On Sep 17, 2011, at 6:45 AM, Fabien wrote:
If we were to play and introduce a new structure (as a patch of course ;-)), I'd want it to offer more than micro-optimisations by saving a couple of table creations and unpackings.
It's possible to write a tuple constructor satisfying your goals about comparison. Construction is linear in the number of elements, but the constant factor is reasonably high.
Here is a quick sketch of how to implement a "hash cons". General tuples can then be built from this.
A "hash cons" pair is represented as a table or closure referencing the cons'd values. In addition, it will need to hold one back pointer as we will see in a moment.

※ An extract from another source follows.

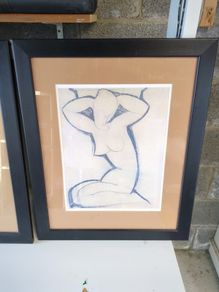 Art Prints -Modigliani Charcoal Prints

To ensure that cons( a, b ) always produces the same result for the same input values a and b (essential if we're going to use them as table keys), we use a cascaded lookup through weak tables.
T1 is a fully weak map from values to tables T2. We look up the first parameter in T1 creating a new table if none exists.
T2 is then used to map the second parameter to the actual tuple.
So, if everything were already constructed, we would have:
function cons( a, b ) return T1[ a ][ b ] end
But now we actually need to make it work and this takes addressing a number of details.
First, nil and NaN don't work as keys. One could debate how NaN is supposed to work with tuples, but essentially we need a function "safekey" that remaps these to magic values that won't be used anywhere outside the tuple implementation:
function cons( a, b ) return T1[ safekey( a ) ][ safekey( b ) ] end
Next we get to the need for a back link. If cons( a, b ) is still alive, then we need T1[ safekey( a ) ] to stay alive in case we were to invoke cons( a, b ) again. We handle this by having a back link from the cons pair to the second level table.
For security, the cons pair should be implemented to be immutable and the back link should be kept private. This pushes toward implementing the tuple as a closure though if space is a concern it would be better as a C closure.
Finally, as I noted above given a "hash cons", it is straightforward to implement a general "hash tuple" either by stacking up cons pairs appropriately or by generalizing the implementation to support more intermediate tables (and associated back links).
P.S. While we're at it, given the weak tables here, it's probably worthwhile to see the recent finalization discussion regarding the dangers of mixing finalization and weak tables.